Griff’s parents believe he’ll relish being a part of a serious golf program. Many of their concerns are the same as any parent with a child going off to college — will their son manage his bank account and pay his utility bills on time — but they also worry whether Griff will have the self-discipline to take the proper doses of his medication at the required time. Will he eat the right things and pass on the wrong things? How will he handle his bad nights when his parents aren’t there to help him get through them?
Still, they see it as a gift that Griff is getting a fresh start in a new town, at a new school where he can continue to play the game he loves.

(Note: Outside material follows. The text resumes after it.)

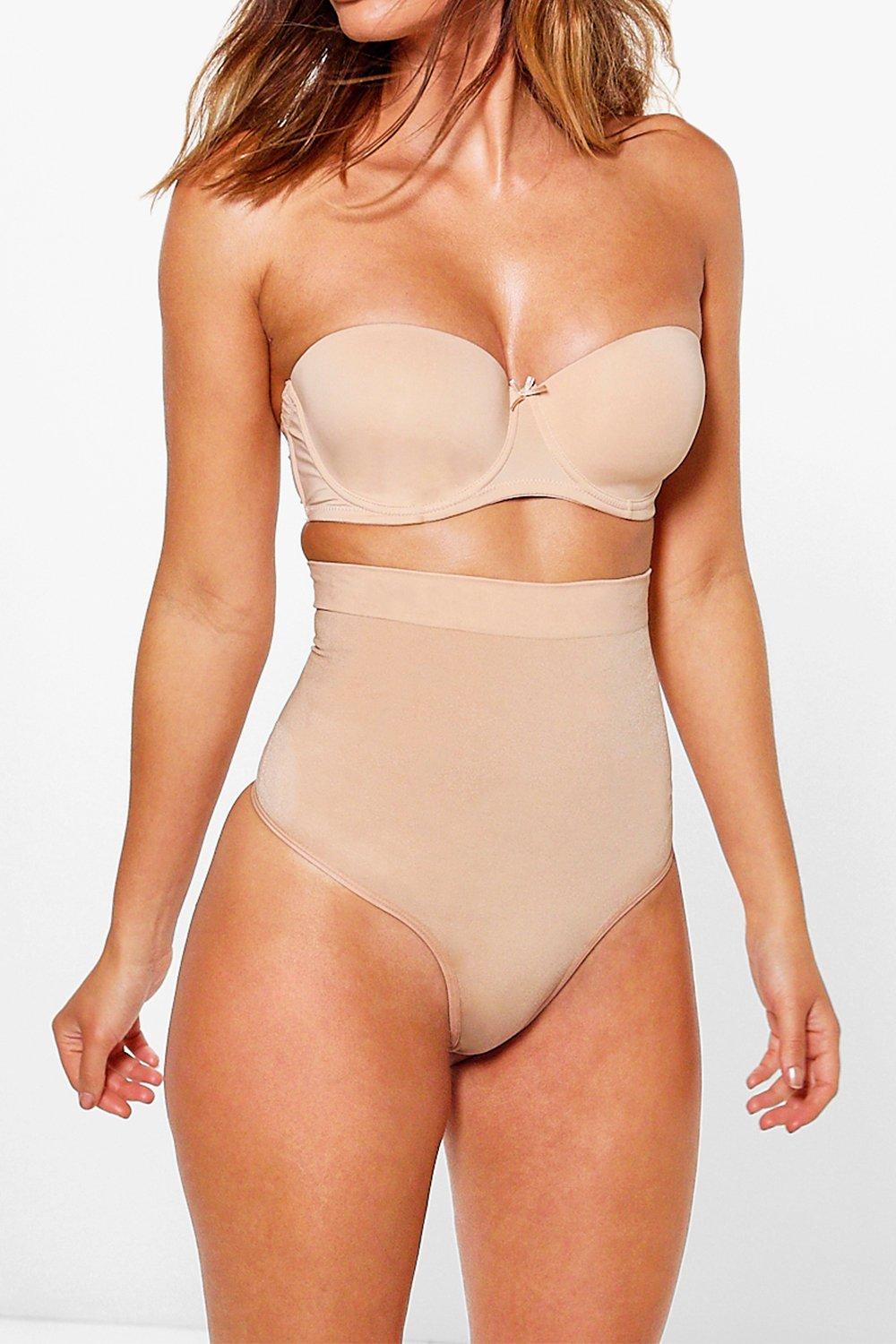 thong shapewear uk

Their son has achieved a once-unthinkable goal; a place so few people thought he’d reach is now a wedge shot away.
Griff says he plays golf because he loves it, but adds, “I also want to prove that I can do things that people might not think I can do.”
* * * * *
On Jan. 23, about 40 adult friends of Griff and his family gathered at the high school cafeteria to watch Griff sign his college scholarship. As the ceremony concluded, and as the adults mingled among themselves, classmates of Griff’s began to file into the cafeteria for lunch. As school librarian Sharon Rhodes watched students join their regular lunch groups, she offered a simple observation: Many people, especially teenagers, she said, simply don’t know how to act around a person like Griff. While few, if any, of these students would meet the definition of a “friend,” most have never been unfriendly to Griff.

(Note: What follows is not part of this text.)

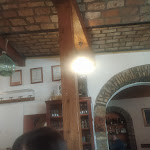 Photo n°2 de l'avis de frank.a fait le 18/03/2023 à 15:57 sur le  La Vecia Cantena d'la Pre' - Ca' de Sanzves à Predappio Alta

Still, one, then two, then three … then six students wandered over to the group of adults and sought out the honoree.
“Congratulations, Griff. This is fantastic.”
“Hey, we’re proud of you, Griff.”
“Good luck, man. I know you’ll do great up there.”

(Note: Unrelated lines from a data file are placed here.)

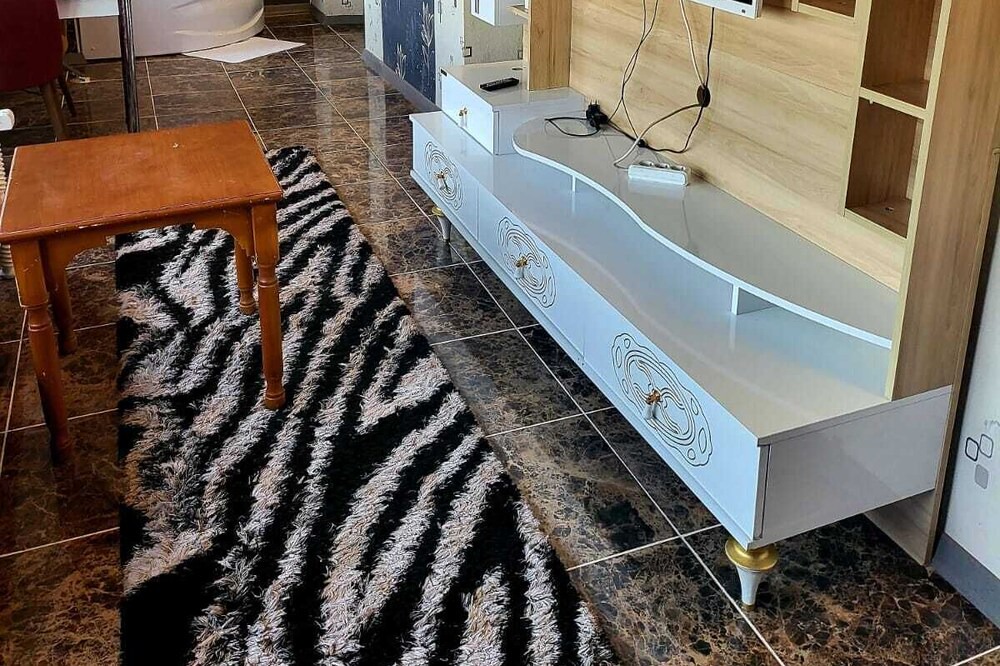 Photo of Livingroom in Erzurum City Center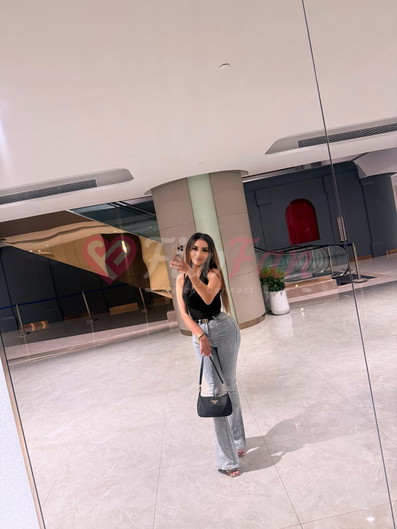 Sofia – Russian escort in Bangkok - ไซด์ไลน์ - 6a0c3904006e8_miss-nora-azerbaijani-escort-in-bangkok-12595730_original - fiwfans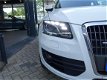 Audi Q5 - 2.0 TFSI quattro 211pk S tronic |NAVI |20 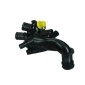 MAXGEAR 670108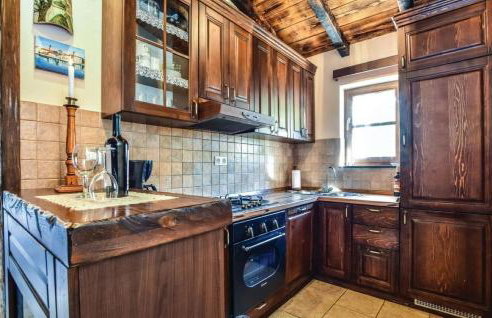 Villa Caelum - Foto 25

On this morning sunshine had supplanted dark gray and Griff’s tics were barely noticeable; his small talk featured only polite, accepted words.
Griff’s mother, as always, had gone above and beyond for her son — and on this day with the smorgasbord.
“Go get something to eat,” Griff told the teens gathered around him. “My Mom made all of this.”
Several weeks later, in what would be the first and only match of his coronavirus-shortened season, Griff shot a 73. It wasn’t a great score by his standards, but considering the wet, muddy conditions, it wasn’t bad either. Griff’s parents were in his tiny gallery. Collin, per his custom, hung back 100 yards behind his son’s group while Connie followed along in a cart. As the group prepared to tee off on No. 16, Collin spotted three of Griff’s teammates jogging up the fairway in their rain suits. It was a sight his father had never seen before.
Perhaps the teens simply didn’t want to miss the shot-making of a player, already special, who they think might become really special. Or perhaps this was a display of support offered by peers beginning to view a person they’ve known their whole lives through new eyes. Or perhaps it was simply a small gesture, an effort intended to show respect … the type of thing friends might do.